If you're a "gentile" (i.e. non-Mormon) in Utah, you sometimes feel like an anthropologist on a field study of an remote tribe. You're regularly trying to figure out strange customs, ceremonies and even underwear.

We get two glimpses into Mormon mating rituals from articles in the Tribune and the Deseret News.

Roxana Orellana at the Trib has a happy story. Brigham Young University — often exhalted as America's "stone-cold sober" university — is nevertheless, the nation's old-fashioned dating capital. BYU students have more dates in a semester than students at other schools have in their entire college careers, a new study has found.
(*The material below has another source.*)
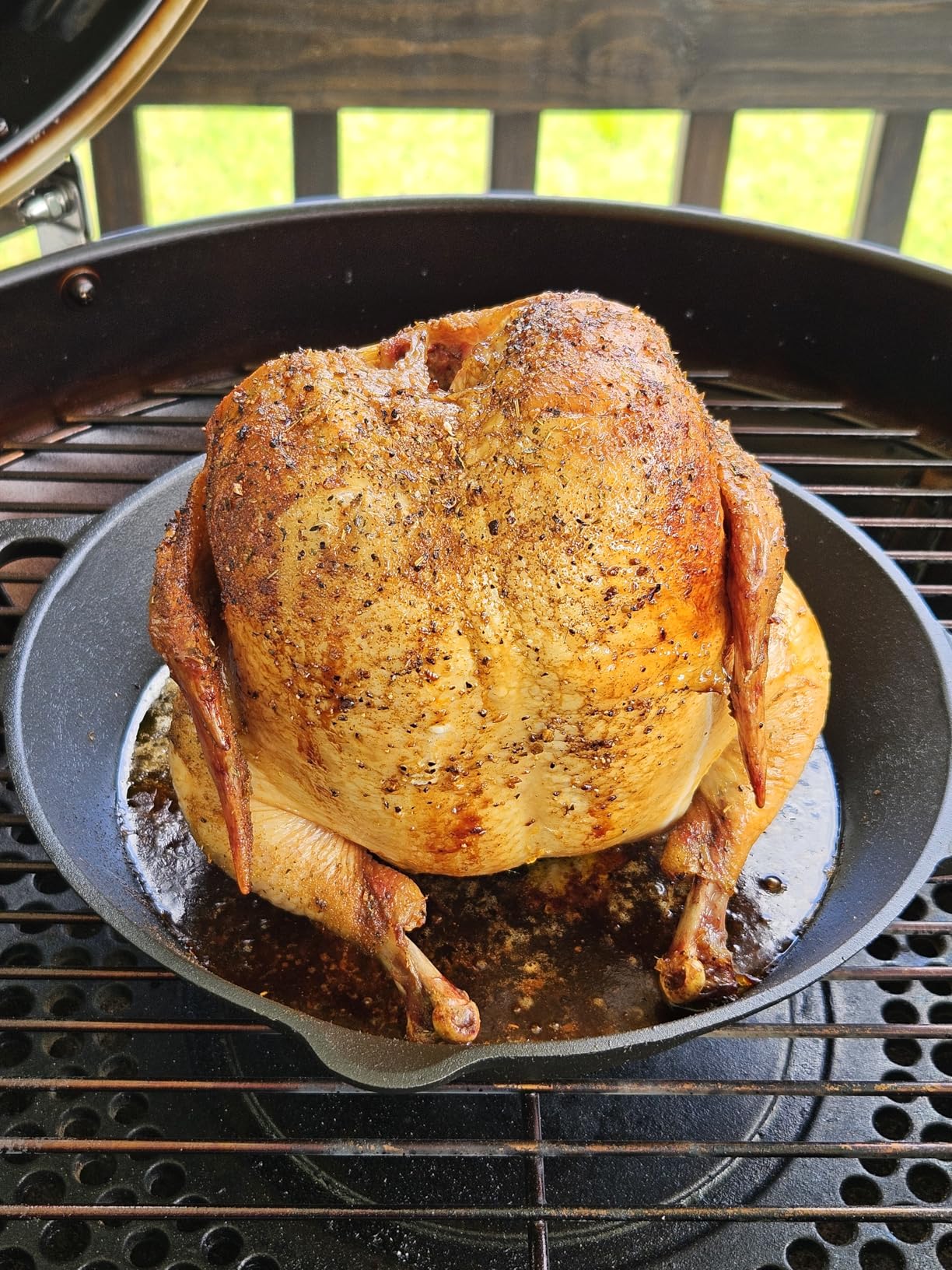 Charkettle Cast Iron Poultry Roaster Insert, Beer Can Chicken Holder with Roasting Pan, Gourmet BBQ System Vertical Roaster Stand Grilling Accessories Rack for 22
"There is a whole lot of dating going on at BYU," says Bruce Chadwick, a BYU sociologist. Students at the school are "not into the casualness of single bars and Internet linking."

The goal is marriage, not NCMO (noncommittal make-out). "You can't really find a companion if you are always hanging out and hooking up," one student says.
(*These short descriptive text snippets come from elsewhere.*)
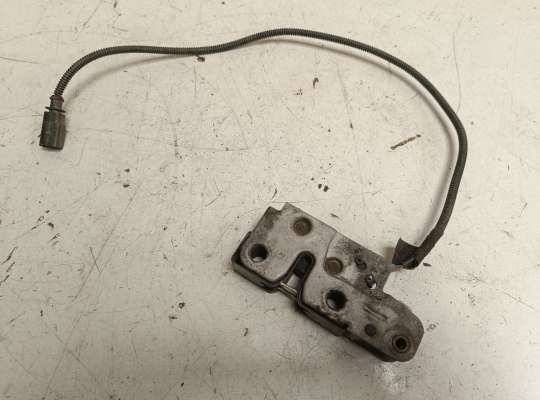 купить Замок капота на Volkswagen Golf VI (5K)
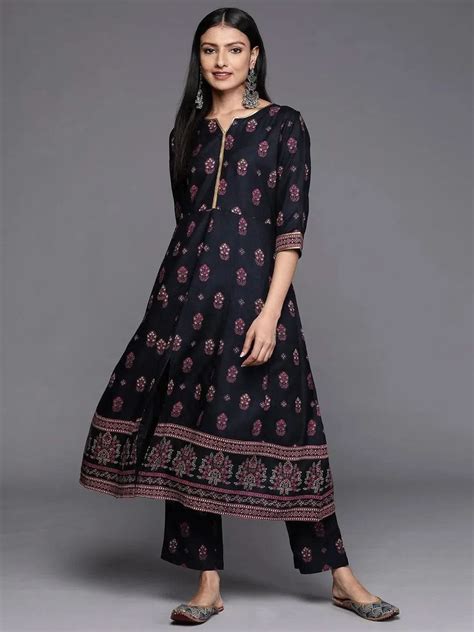 Buy Trendy Anarkali Kurtas Online for Women in India | Libas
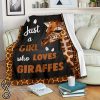 Just a girl who loves giraffes full printing blanket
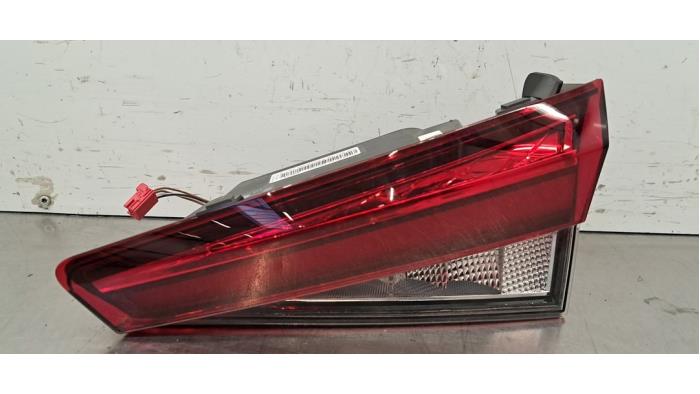Feu arrière droit Skoda Fabia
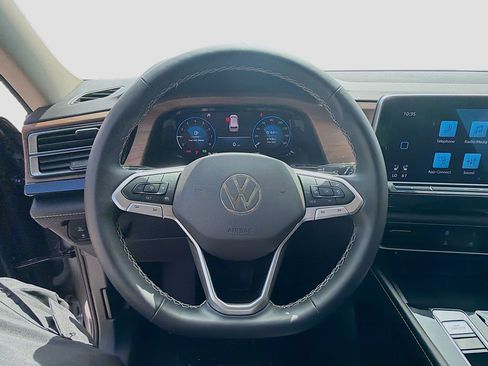 Used 2024 Volkswagen Atlas SE w/ Panoramic Sunroof Package FWD image 8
Meanwhile, the DNews' MormonTimes includes an essay that finds things are not so hunky dory for the sisters, dating-wise, after graduation.

"For years, I'd fasted and prayed to the Lord saying, 'Please, I'm tired of doing all the asking. Just once can't someone ask me out on a date for a change? Please?' " writes Michelle Llewellyn. Her prayers were answered, but apparently the Lord, Her mysterious way, sends out a loser:
He was in his 30s, hadn't completed any higher education, saw no problem with a round of golf on Sunday and was still living with his parents.
Llewellyn prepares to spend Valentine's Day alone at home eating Ben & Jerry's out of the carton. Nothing exotic so far, then the essay turns to the promise.
It's not found in any scriptures (except maybe Isaiah 54:1), but the Lord has inspired the brethren of the church to give us single unmarried women some hope and counsel. From President Lorenzo Snow to our dearly departed President Gordon B. Hinckley, they have been quoted saying such things as "a young woman with no opportunity for marriage in this life ... will have every opportunity in the next."
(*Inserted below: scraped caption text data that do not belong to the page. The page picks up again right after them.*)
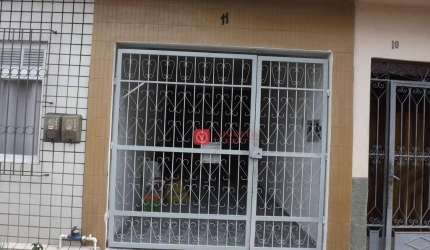 Casa à Venda no Centro de Nova Friburgo - Conforto e Praticidade em Localização Central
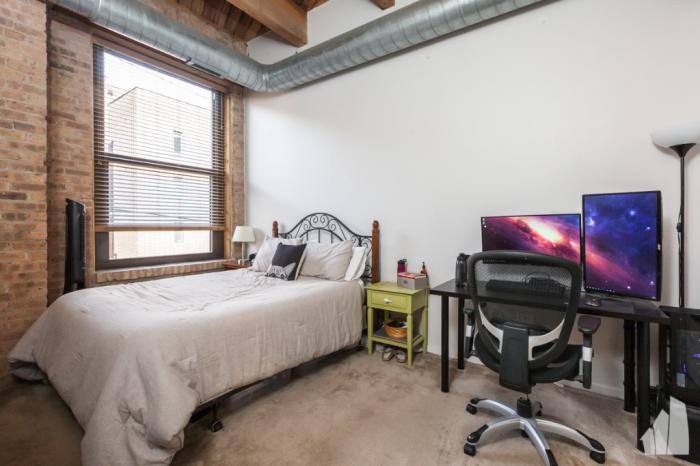 Apartment for rent at 1040 W Adams St #216, Chicago, IL 60607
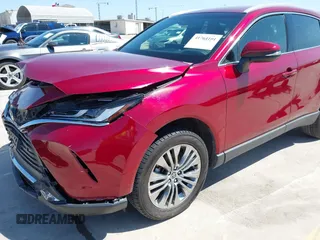 2022 Toyota Venza LE with VIN JTEAAAAH1NJ106479, listed as a IAAI auction lot 41764101 with 31,848 mi miles. Bid and sale history available at carsss.com. Image 18.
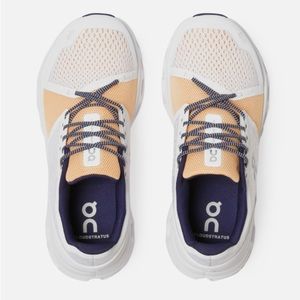On Cloudstratus Running Sneaker
Color: white/almond
Size:9
Gently worn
It's a bitter pill to swallow, facing the fact that many of us may have to wait ... and wait ... and wait some more, perhaps until the second coming, or whatever has to come before being granted our heart's desire.

Trust the brethren, it will come.

It appears to be the reverse of the non-Mormon expression, "I'll be mellow when I'm dead."

Instead, the sisters will be rockin' with full dance cards when they're worm food.

1 Comments:

At February 18, 2008 12:21 PM , Anonymous iluvutah said...

Sad. The message comes across loud and clear to faithful Mormon women: you are nothing without a husband. Sure, they are told they are worthy, and loved and can serve in many other ways, but a single Mormon woman at the end of her life can't feel fully "worthy" if she didn't marry in this life. That is downright pathetic.